The number of ocean ferrying vessels came down to 63 from 75 in last one year. Of them, 12 remain inoperative while 20 others were declared unfit for plying on international routes.

The letter said the ship industry is shrinking as sea freight prices have plummeted drastically paired with the global financial crisis.

Other reasons are the rise in fuel prices, increase in salaries and allowances of sailors and the hike in other costs, according to the letter.

The owners of the ships said high duties on purchase of vessels and 3.0% cut in freight earnings were a major barrier to the growth of the industry.

They said freight incomes had dropped globally and the industry required government support to survive.

“Local ship owners take loan from commercial banks with 15% interest while in foreign countries, the owners of ocean-going ships take credit from their commercial banks with only 3%-4% interest,” the letter said.

The government should withdraw 3% tax on freight charges, it said, adding that the government would sign agreements on double taxation with all the countries. “As a result, owners of these ships will get 100% income tax waiver from visiting countries.” 

President of Ocean-going Ship Owners Association Shah Alam told the Dhaka Tribune that without financial assistance and policy support, the ship industry would not survive.

The shipping minister said the problems faced by the ship industry could be resolved through a joint effort. “Otherwise financial crisis will deepen,” he added. 

The government agencies were asked to use local ships to import goods, but they were not carrying out the orders. Only 40% of local ocean-going ships were used by the government agencies, the letter said.

Indonesian ships now carry 98.8% of goods while it was only 55.5% in 2005. The number of Indonesian ships now stands at 11,628 from 6,041 in 2005.  

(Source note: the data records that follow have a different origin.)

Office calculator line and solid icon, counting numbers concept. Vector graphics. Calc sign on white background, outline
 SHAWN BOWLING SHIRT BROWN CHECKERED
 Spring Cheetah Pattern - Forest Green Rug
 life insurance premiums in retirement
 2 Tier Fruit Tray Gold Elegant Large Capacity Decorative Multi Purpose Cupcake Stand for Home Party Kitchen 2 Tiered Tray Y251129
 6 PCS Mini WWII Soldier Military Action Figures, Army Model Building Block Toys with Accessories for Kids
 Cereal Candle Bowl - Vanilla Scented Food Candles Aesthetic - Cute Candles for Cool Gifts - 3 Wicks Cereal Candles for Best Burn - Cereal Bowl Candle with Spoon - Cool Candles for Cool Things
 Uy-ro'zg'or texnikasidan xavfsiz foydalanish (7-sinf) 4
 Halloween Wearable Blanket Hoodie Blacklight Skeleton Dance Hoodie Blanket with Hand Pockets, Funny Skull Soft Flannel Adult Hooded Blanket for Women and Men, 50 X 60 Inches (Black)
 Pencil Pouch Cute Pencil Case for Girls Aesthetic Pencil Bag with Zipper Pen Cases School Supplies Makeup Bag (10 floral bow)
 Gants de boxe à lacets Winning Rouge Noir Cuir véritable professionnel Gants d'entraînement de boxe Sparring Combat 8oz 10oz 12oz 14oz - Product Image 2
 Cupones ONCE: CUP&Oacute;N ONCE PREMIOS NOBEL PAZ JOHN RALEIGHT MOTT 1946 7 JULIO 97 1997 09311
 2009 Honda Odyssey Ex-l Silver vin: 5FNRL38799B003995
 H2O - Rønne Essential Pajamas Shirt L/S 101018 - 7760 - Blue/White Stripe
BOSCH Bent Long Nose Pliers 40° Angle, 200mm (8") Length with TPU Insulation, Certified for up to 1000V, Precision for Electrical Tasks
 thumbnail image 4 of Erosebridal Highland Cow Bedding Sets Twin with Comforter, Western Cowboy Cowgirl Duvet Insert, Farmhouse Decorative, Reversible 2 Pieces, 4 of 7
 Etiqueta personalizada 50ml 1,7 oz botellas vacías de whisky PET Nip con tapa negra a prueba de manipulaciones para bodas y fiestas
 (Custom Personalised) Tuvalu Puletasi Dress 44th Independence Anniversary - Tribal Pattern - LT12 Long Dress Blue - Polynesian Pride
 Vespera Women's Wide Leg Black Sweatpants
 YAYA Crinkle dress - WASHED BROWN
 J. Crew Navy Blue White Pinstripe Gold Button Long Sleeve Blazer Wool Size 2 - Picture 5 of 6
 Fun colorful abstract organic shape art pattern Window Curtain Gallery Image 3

According to the letter, ship owners were not getting the permission to open accounts with commercial banks. So, they were facing difficulties in paying salaries to captains, sailors and engineers as well as PNI club fees, insurance premium and port dues.

The government should introduce one-stop services to register the ocean-going ships as the registration process delays getting frequency, call sign and ship station licences from Bangladesh Telecommunications Regulatory Commission, the letter said.

Like India and Singapore, the government would introduce different types of financial incentives, the letter said. “National Board of Revenue will introduce five-year tax holiday for new ocean-going ships and withdraw 5% advance tax for registration of ocean-going ships.”

Shipping Directorate will withdraw the provision for import of ships within six months under provisional registry, it said.